══ Record extracts

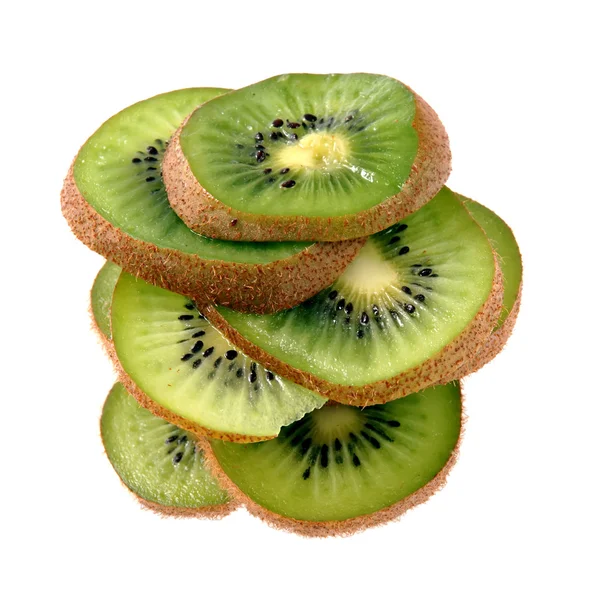 Segmenten voor kiwi — Stockfoto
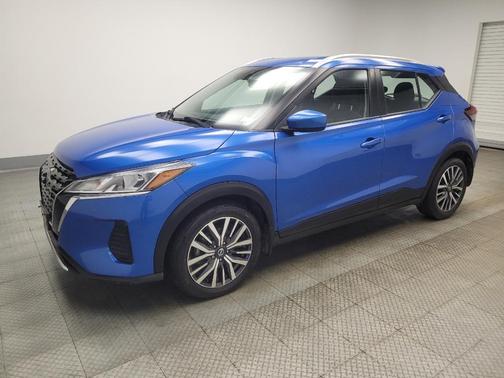 Blue 2021 Nissan Kicks SV
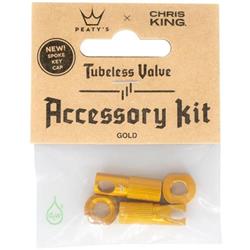 PEATY'S X CHRIS KING (MK2) GOLD TUBELESS VALVES ACCESSORY KIT 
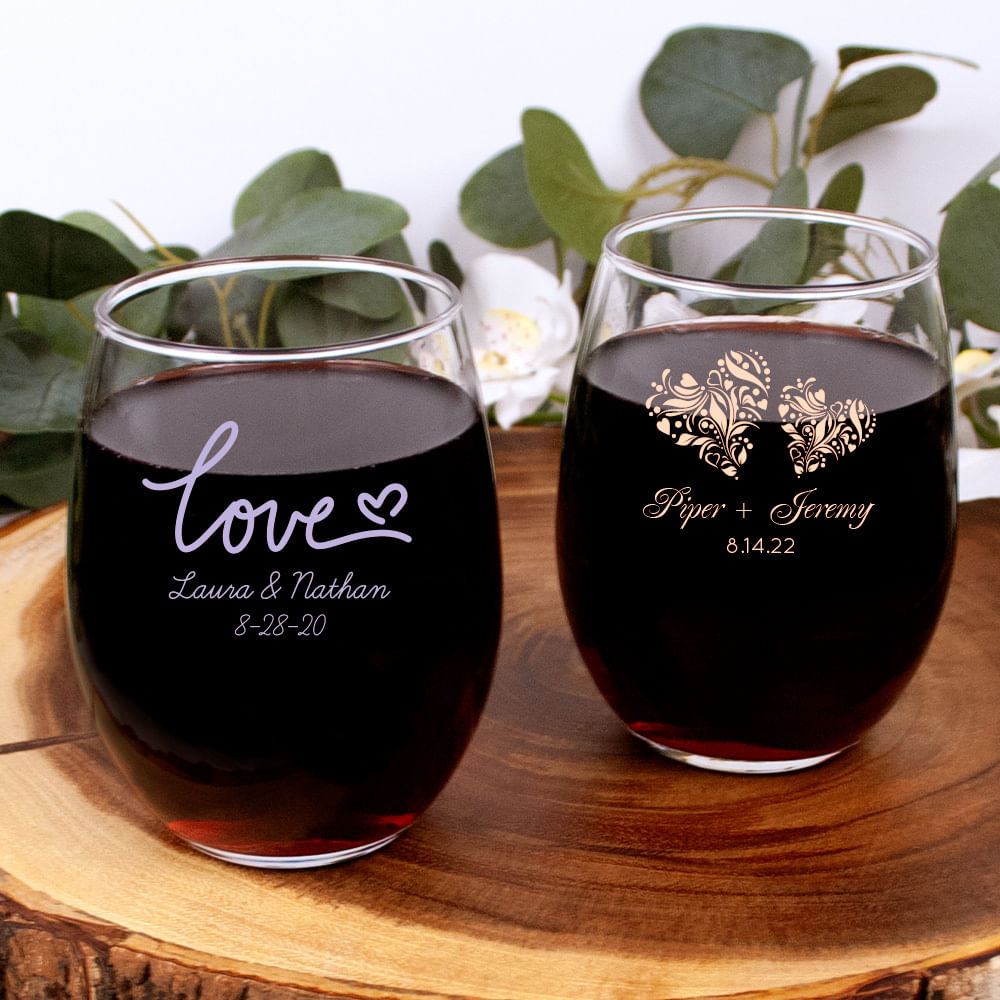 Personalized Stemless Wine Glass from EngraveMeThis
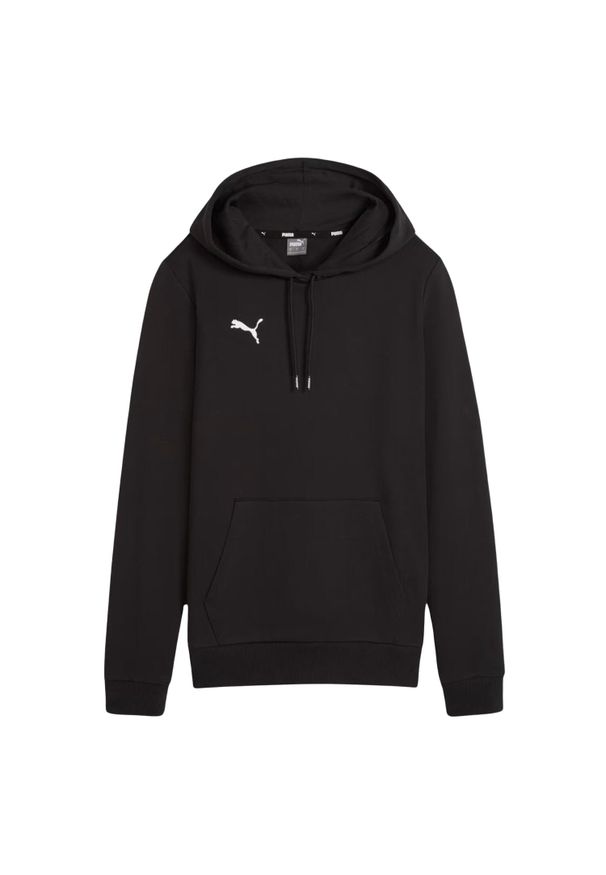 Puma - Damska Bluza Z Kapturem Team Goal Casual. Typ kołnierza: kaptur. Kolor: czarny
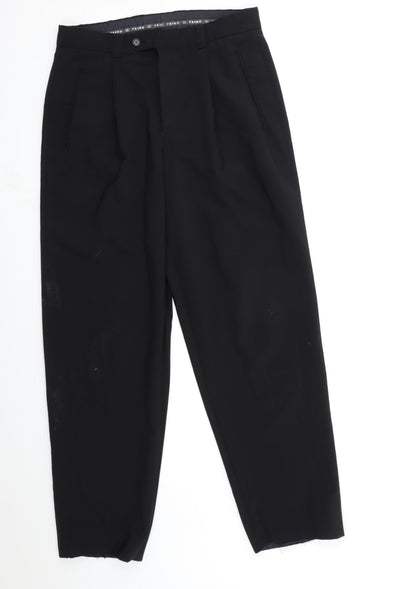 primo Womens Black   Trousers  Size 32 in L30 in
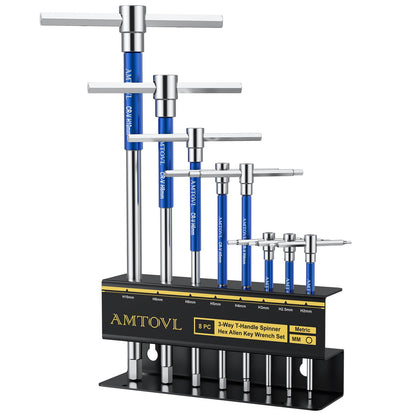AMTOVL T핸들 육각렌치 세트 메트릭 2-10mm 1번 사진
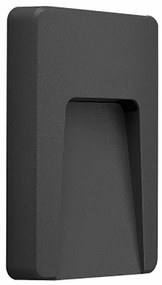 Adeleq Led Φωτιστικό PC Επίτοιχο ΄Εμμεσου Φωτισμού Ορθόγωνιο 3W 3000Κ Ip65 Γραφίτης 3-9741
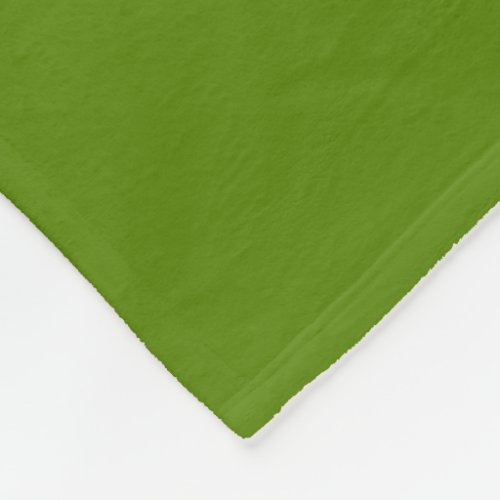 Avocado Green Color Background Dark Green Color Fleece Blanket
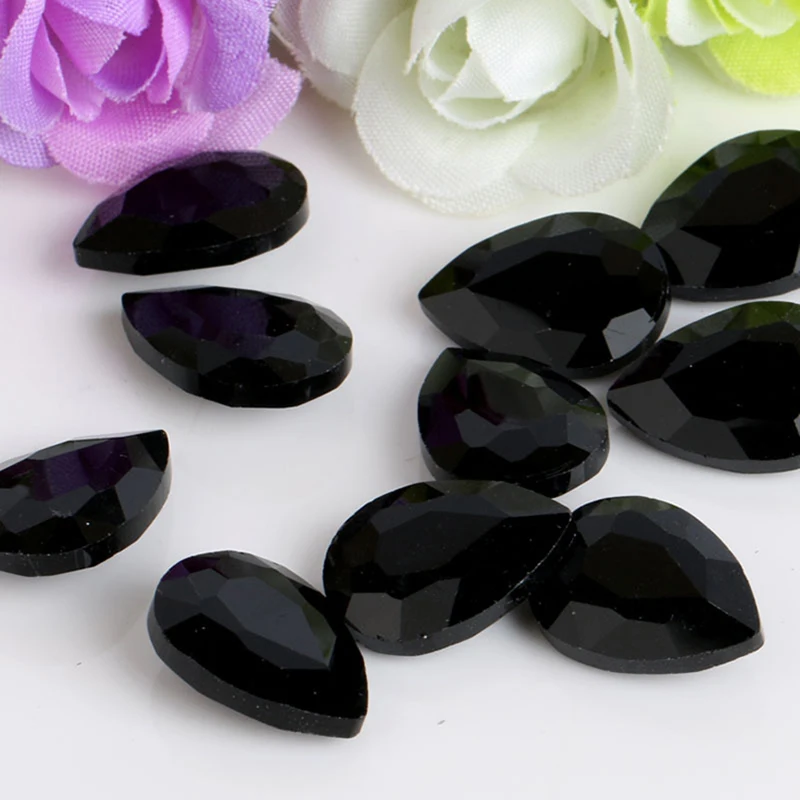 

10pcs 13x18mm Big Glass Tear drop Loose Rhinestones Sew On Crystal Stones Crafts Clothing Wedding Dress Decoration Supplies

════

• _Work task_
The lines to retype run from the one containing "Adeleq Led Φωτιστικό" through the last line of the records above; write them exactly and skip the pictures.

• _Output of the task_
 Adeleq Led Φωτιστικό PC Επίτοιχο ΄Εμμεσου Φωτισμού Ορθόγωνιο 3W 3000Κ Ip65 Γραφίτης 3-9741
 Avocado Green Color Background Dark Green Color Fleece Blanket

10pcs 13x18mm Big Glass Tear drop Loose Rhinestones Sew On Crystal Stones Crafts Clothing Wedding Dress Decoration Supplies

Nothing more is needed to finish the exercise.